One major instance of this fatal rot is how our lives and identities are shaped by the market to the point that our identities have been psychologically colonized by imperialistic market forces. If I understand it right, we’re basically peons, programmed puppets manipulated in our actions, feelings and ideas, desiring and working to consume things because we’ve been bred and brainwashed to anxiously need them.

It’s not merely the idea that good advertising makes me desire a newer car or makes me feel like I need products I actually don’t; it’s the psychological state in which my identity, sense of meaning and purpose, emotions and anxiety, all revolve around and are determined by the dictates of marketing forces that benefit from our relentless consumption. The market tunes our subconscious, tells us who we want to be and then provides means via consumerism to pursue our choice of the available options. We’ve been bred to seek fulfillment through consumption — subconsciously, automatically, unthinkingly; it’s the default posture we take to most aspects of our existence, including our relationships and beliefs.

We’re offered a choice of identities to assume, all of which depend on an unending stream of consumption, but the available options are empty at their core; it’s not possible to be satisfied in them, and it’s in the market’s interest to keep us unsatisfied and anxious. And we’re distracted away from this fact by our noisy entertainment culture and the over-worked lifestyle required by our treadmill consumption. The result is hollowed-out people, superficial husks of humanity who behave as cogs in the market machine, whose lives and activities are ultimately determined by and dedicated to the economic benefit of corporations.

As Westerners, we think of all this almost entirely in hyper-individualistic terms; we’re seeking identity in stuff rather than in people and relationships. There’s a critique of our extreme individualistic understanding of self, such as this quote from ANU social analyst Richard Eckersle, that ties directly back to Nisbett’s sketch of the Western self:

The result of construing the self as kind of independent and separate from others — and the evidence suggests that men tend to do this more than women — does mean that we are more likely to feel isolated and lonely, even in company, in the bosom of the family you get this effect.

I see no reason why this picture of parasitic market forces that colonize our identities for profit doesn’t also just as corrosively apply to East Asian conceptions of self, though I expect the dynamics are different. Whether Chinese or Western, collective or individualistic, are we all just willing peons of a psychologically imperialistic market?

Anyway, I’m not articulating any of this as well as Viswalingham does in the Money segment, but I found most of the episodes on YouTube:

  • Episode One — Money (YouTube: 1, 2, 3)
  • Episode Two — Sex (couldn’t find a working copy online)
  • Episode Three — Democracy (YouTube: 1, 2, 3)
  • Episode Four — Education (YouTube: 1, 2, 3)
  • Episode Five — Family (YouTube: 1, 2, 3)
  • Episode Six — God (YouTube: 1, 2, 3)

The documentary is about more than consumerism, of course, and it’s interesting to note that it manages to explain the possibly fatal condition of Western civilization without reference to China or any other outside competition.

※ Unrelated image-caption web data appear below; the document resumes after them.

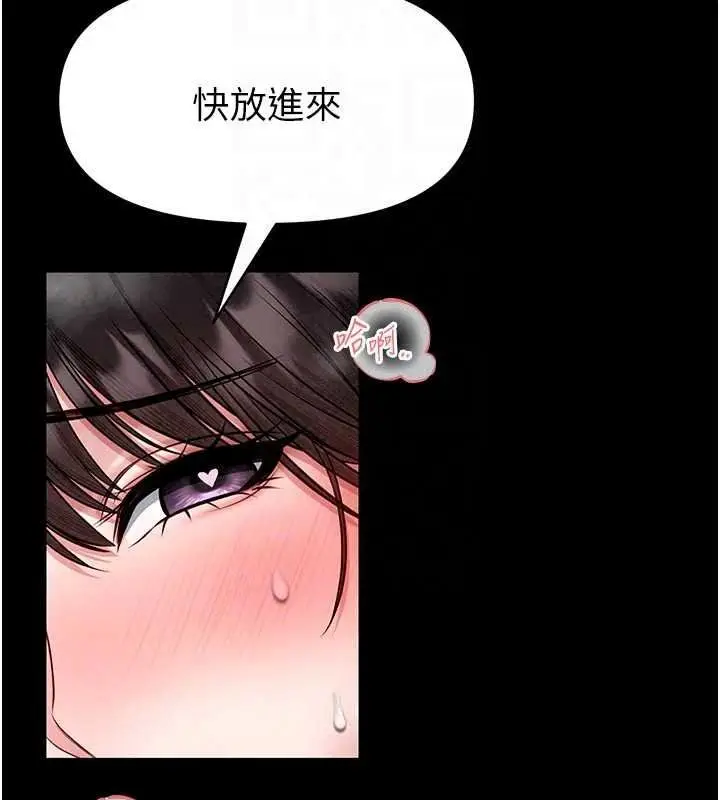 漫画《馆长是大野狼》第34话第67张图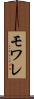 モワレ Scroll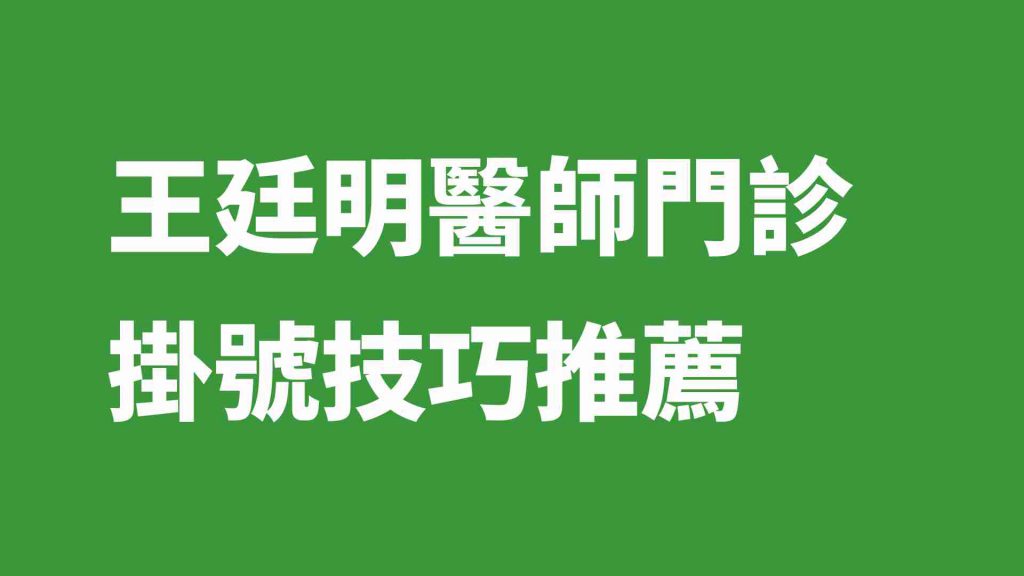 王廷明醫師門診掛號技巧推薦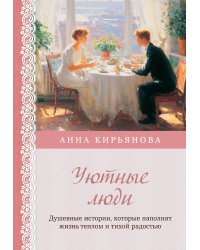 Уютные люди. Душевные истории, которые наполнят жизнь теплом и тихой радостью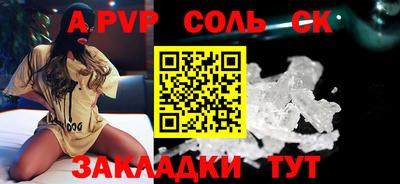 стафф Беслан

If this is as good as it gets in the West, well then, we’re destined to drown in this abundance of nothing, and become the final chapter in this ‘Good Book’ of our modern life.

These big-picture takes on our own culture are usually interesting, but even more so when you’re living overseas in a culture so very different from your own. I wonder if we’ll be seeing an increase of comparisons to ancient Rome in the coming years — both Decadence and The Hunger Games independently make significant use of the “Bread and Circuses” idea.